Field note
A week with a transcription pipeline that almost worked
Notes from our first real attempt to fold automatic transcription into a regional desk — including the three workflows we had to throw out.
We spent a week trying to make automatic transcription a load-bearing part of a regional reporting workflow. By Friday, the pipeline was running. It was also producing fewer publishable minutes per reporter than the manual baseline. Both things are true.
The setup: five reporters, three languages, a shared upload folder, and a small open-weights transcription model running on a workstation in the office. Outputs landed in a draft document with speaker labels and timestamps. Reporters edited the draft, then sent it to a section editor.

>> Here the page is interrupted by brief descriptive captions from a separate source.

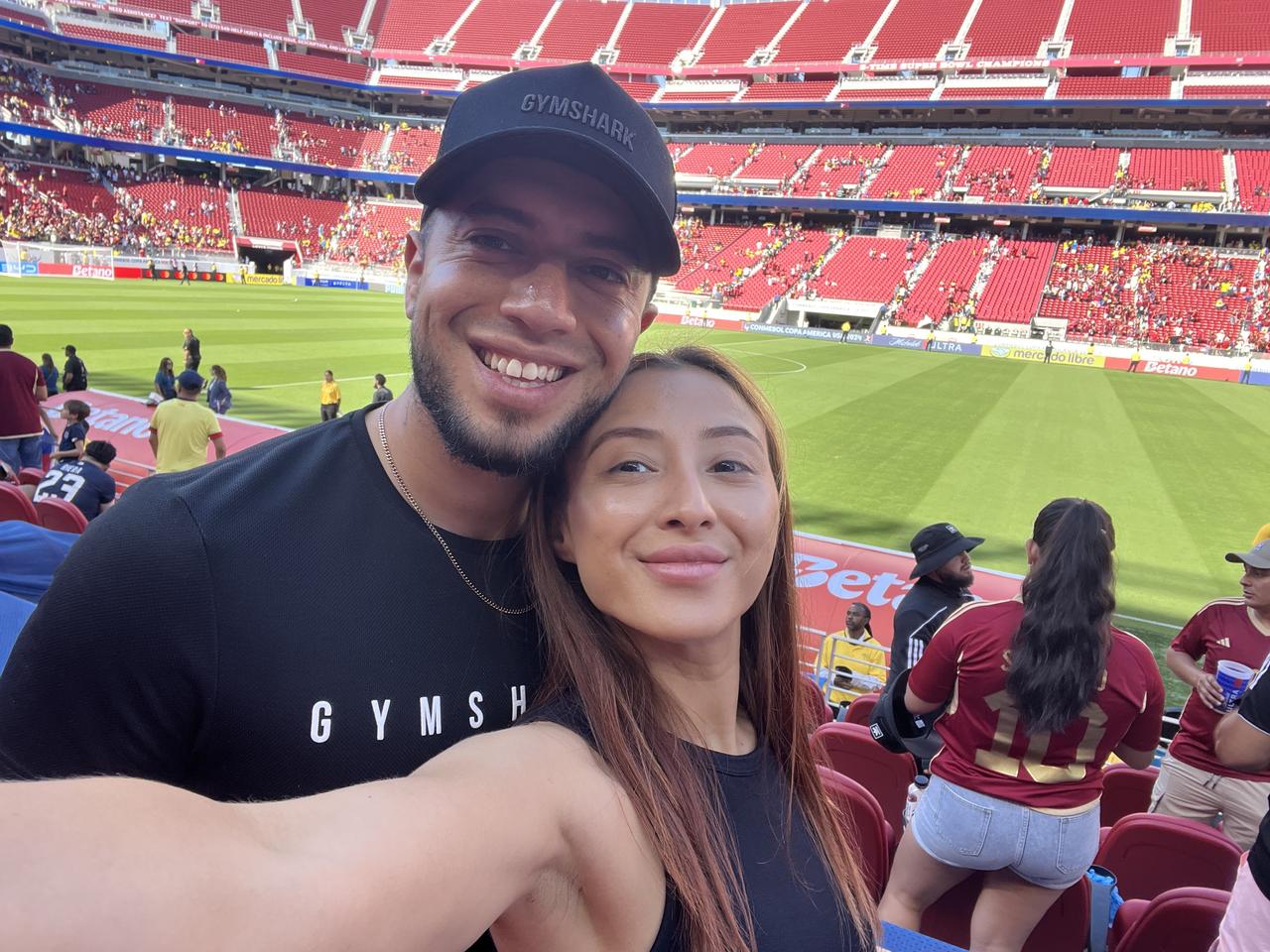 Profile photo 8 of 8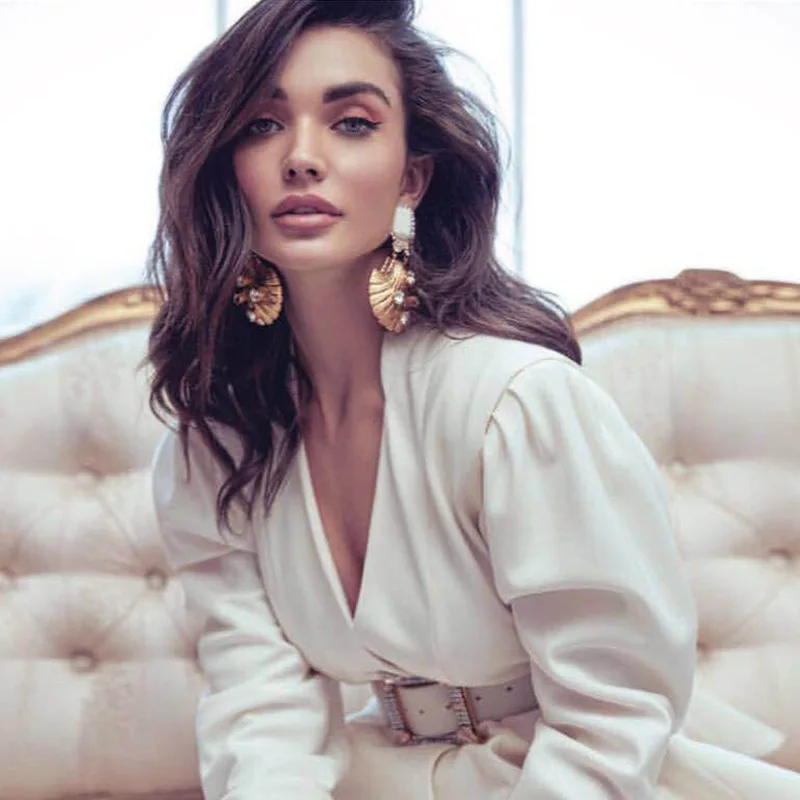

2019 Summer Dangle Acrylic Rhinestone Gold Silver Color Bohemia Geometric Shell Drop Earrings For Women Statement Gold Jewelry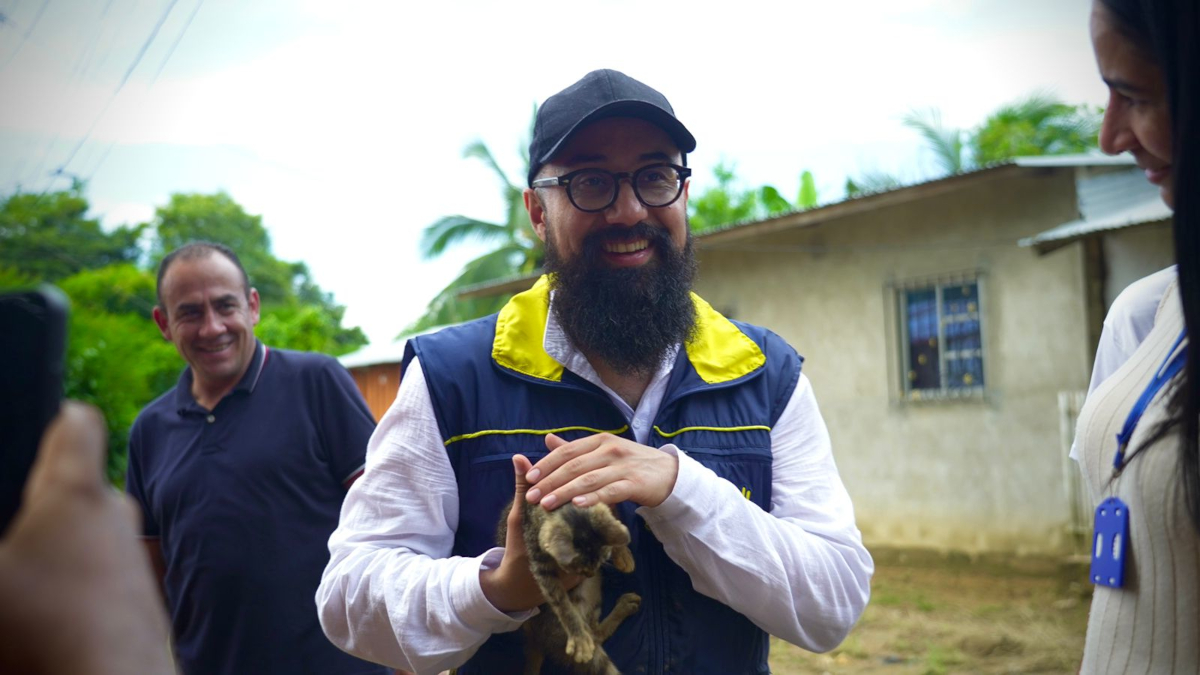 El director del UNGRD, Carlos Carrillo lideró la iniciativa que busca ampliar la atención a los animales durante una catástrofe - Foto: UNGRD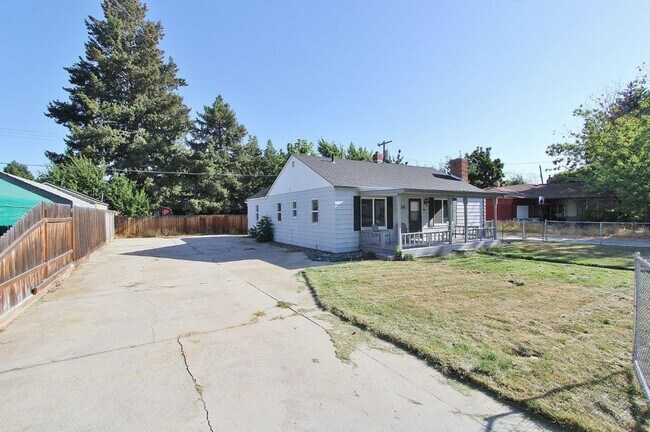 Building Photo - Charming Single-Level Home on the Bench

What worked: long interviews in clear audio. The model handled an hour-long sit-down with a regional official faster than any of our reporters could, and the edit-pass took roughly twenty minutes.
What did not work: anything in a market, on a motorbike, or with overlapping speakers. The model produced confident, fluent text that was wrong in subtle ways — substituting plausible names, smoothing out the texture of a quote, occasionally inventing a sentence that filled an audio gap.
We threw out three workflows over the course of the week. The one that survived: transcription is allowed only for one-on-one interviews in controlled audio, the transcript is always verified against the recording before any quote is published, and the reporter — not the editor — is responsible for the verification.